Another example is when joining tables, which probably have duplicate column names:

SELECT *
FROM customer c
JOIN address a ON c.id = a.customer_id

This query might produce two ambiguous ID columns: CUSTOMER.ID and ADDRESS.ID. In the SQL language, it is mostly easy to distinguish between them by qualifying them. But in clients (e.g. Java), they are less easy to qualify properly. If we put the query in a view, it gets even trickier.

“Hungarian notation”

Hence, SQL and the procedural languages are a rare case where some type of Hungarian notation could be useful. Unlike with hungarian notation itself, where the data type is encoded in the name, in this case, we might encode some other piece of information in the name. Here’s a list of rules I’ve found very useful in the past:

1. Prefixing objects by semantic type

Tables, views, and other “tabular things” may quickly conflict with each other. Especially in Oracle, where one does not simply create a schema because of all the security hassles this produces (schemas and users are kinda the same thing, which is nuts of course. A schema should exist completely independently from a user), it may be useful to encode a schema in the object name:

  • C_TABLE: The C_ prefix denotes “customer data”, e.g. as opposed to:
  • S_TABLE: The S_ prefix denotes “system data” or “master data”
  • L_TABLE: The L_ prefix denotes “log data”
  • V_VIEW: The V_ prefix denotes a view
  • P_PARAMETER: The P_ prefix denotes a procedure or function parameter
  • L_VARIABLE: The L_ prefix denotes a local variable

Besides, when using views for security and access control, one might have additional prefixes or suffixes to denote the style of view:

  • _R: The _R suffix denotes read only views
  • _W: The _W suffix denotes writeable (updatable) views

This list is obviously incomplete. I’m undecided whether this is necessarily a good thing in general. For example, should packages, procedures, sequences, constraints be prefixed as well? Often, they do not lead to ambiguities in namespace resolution. But sometimes they do. The importance, as always, is to be consistent with a ruleset. So, once this practice is embraced, it should be applied everywhere.

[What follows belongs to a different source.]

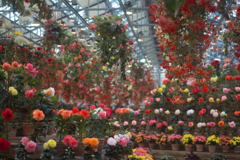 百花繚乱とは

2. Singular or plural table names

Who cares. Just pick one and use it consistently.

3. Establishing standard aliasing

Another technique that I’ve found very useful in the past is a standard approach to aliasing things. We need to alias tables all the time, e.g. in queries like this:

SELECT *
FROM customer c
JOIN address a ON c.id = a.customer_id

But what if we have to join ACCOUNT as well? We already used A for ADDRESS, so we cannot reuse A. But if we don’t re-use the same aliases in every query, the queries start to be a bit confusing to read.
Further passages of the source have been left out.